ASSIGNMENT –
Nothing but an exact reproduction of the records, pictures excluded, should be returned.

INPUT MATERIAL –
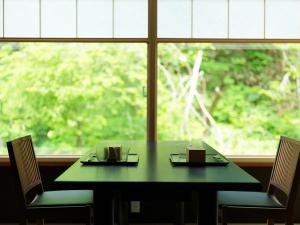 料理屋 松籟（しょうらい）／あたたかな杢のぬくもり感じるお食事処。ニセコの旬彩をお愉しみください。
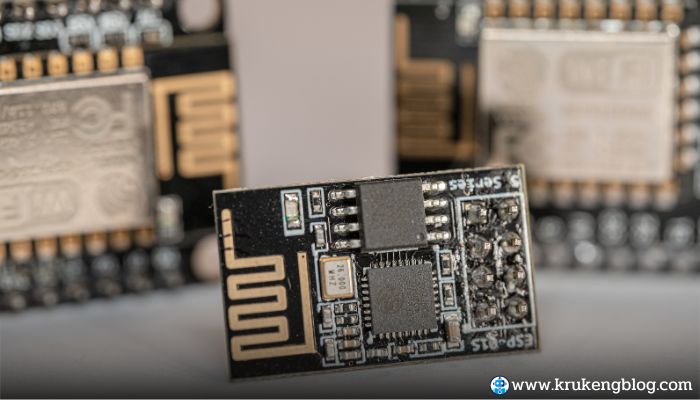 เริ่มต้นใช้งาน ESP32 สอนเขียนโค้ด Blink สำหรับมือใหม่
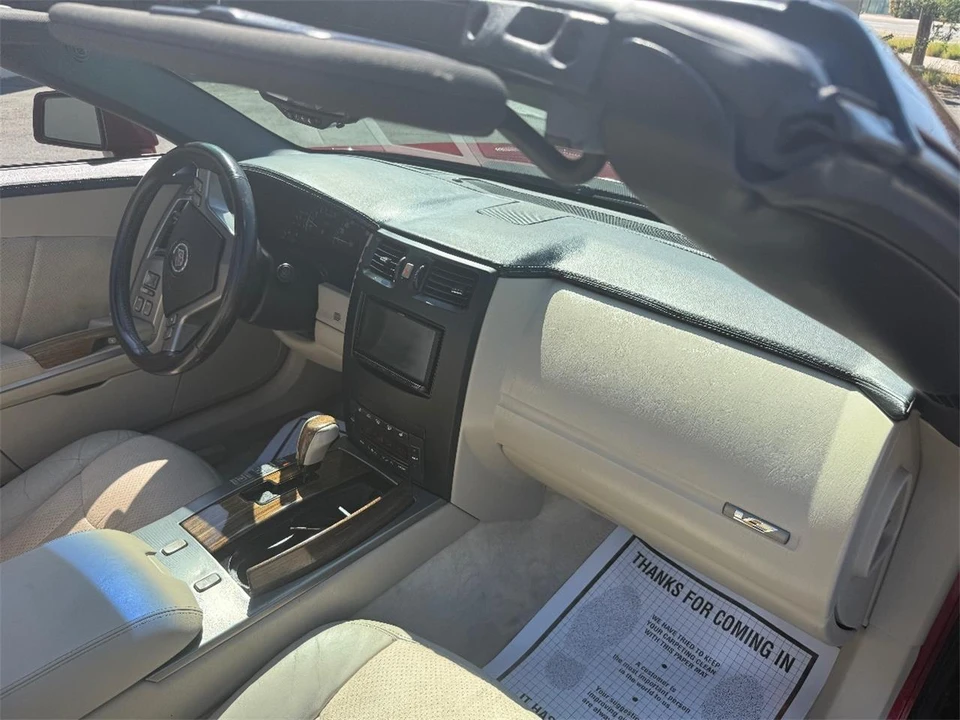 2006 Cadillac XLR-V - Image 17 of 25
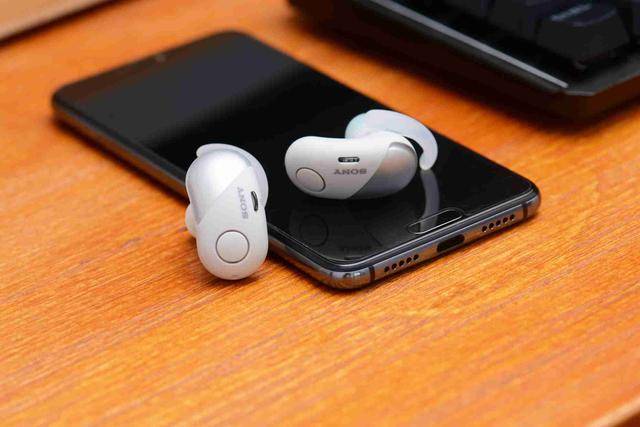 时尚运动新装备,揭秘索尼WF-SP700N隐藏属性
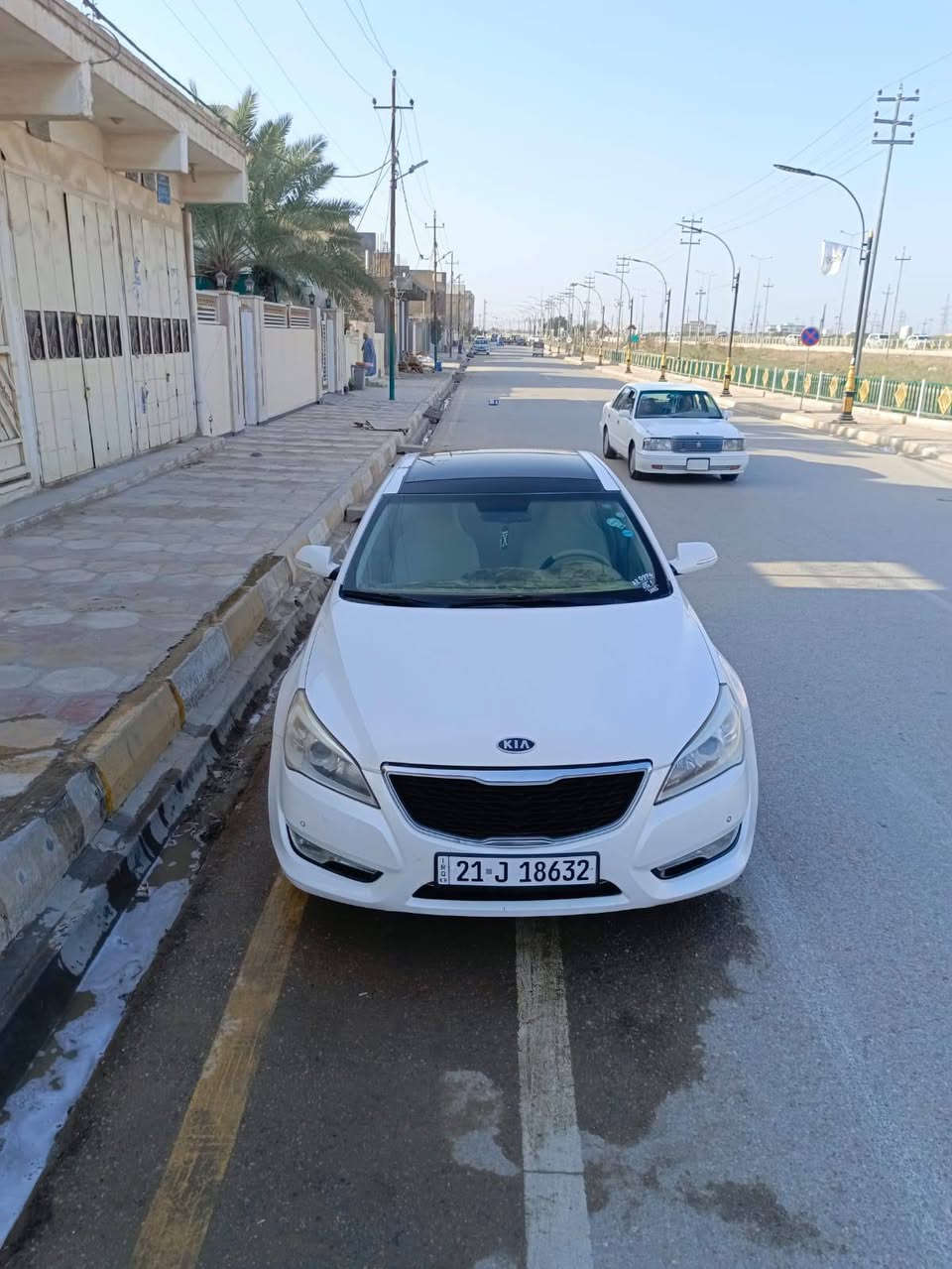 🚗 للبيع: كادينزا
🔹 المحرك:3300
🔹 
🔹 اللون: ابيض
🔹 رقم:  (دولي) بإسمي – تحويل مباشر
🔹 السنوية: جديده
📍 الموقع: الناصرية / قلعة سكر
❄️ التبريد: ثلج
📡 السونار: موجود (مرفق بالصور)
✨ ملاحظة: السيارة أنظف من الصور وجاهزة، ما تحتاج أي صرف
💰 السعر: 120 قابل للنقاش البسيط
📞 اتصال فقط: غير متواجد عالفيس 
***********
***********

THE ANSWER –
 料理屋 松籟（しょうらい）／あたたかな杢のぬくもり感じるお食事処。ニセコの旬彩をお愉しみください。
 เริ่มต้นใช้งาน ESP32 สอนเขียนโค้ด Blink สำหรับมือใหม่
 2006 Cadillac XLR-V - Image 17 of 25
 时尚运动新装备,揭秘索尼WF-SP700N隐藏属性
 🚗 للبيع: كادينزا
🔹 المحرك:3300
🔹 
🔹 اللون: ابيض
🔹 رقم:  (دولي) بإسمي – تحويل مباشر
🔹 السنوية: جديده
📍 الموقع: الناصرية / قلعة سكر
❄️ التبريد: ثلج
📡 السونار: موجود (مرفق بالصور)
✨ ملاحظة: السيارة أنظف من الصور وجاهزة، ما تحتاج أي صرف
💰 السعر: 120 قابل للنقاش البسيط
📞 اتصال فقط: غير متواجد عالفيس 
***********
***********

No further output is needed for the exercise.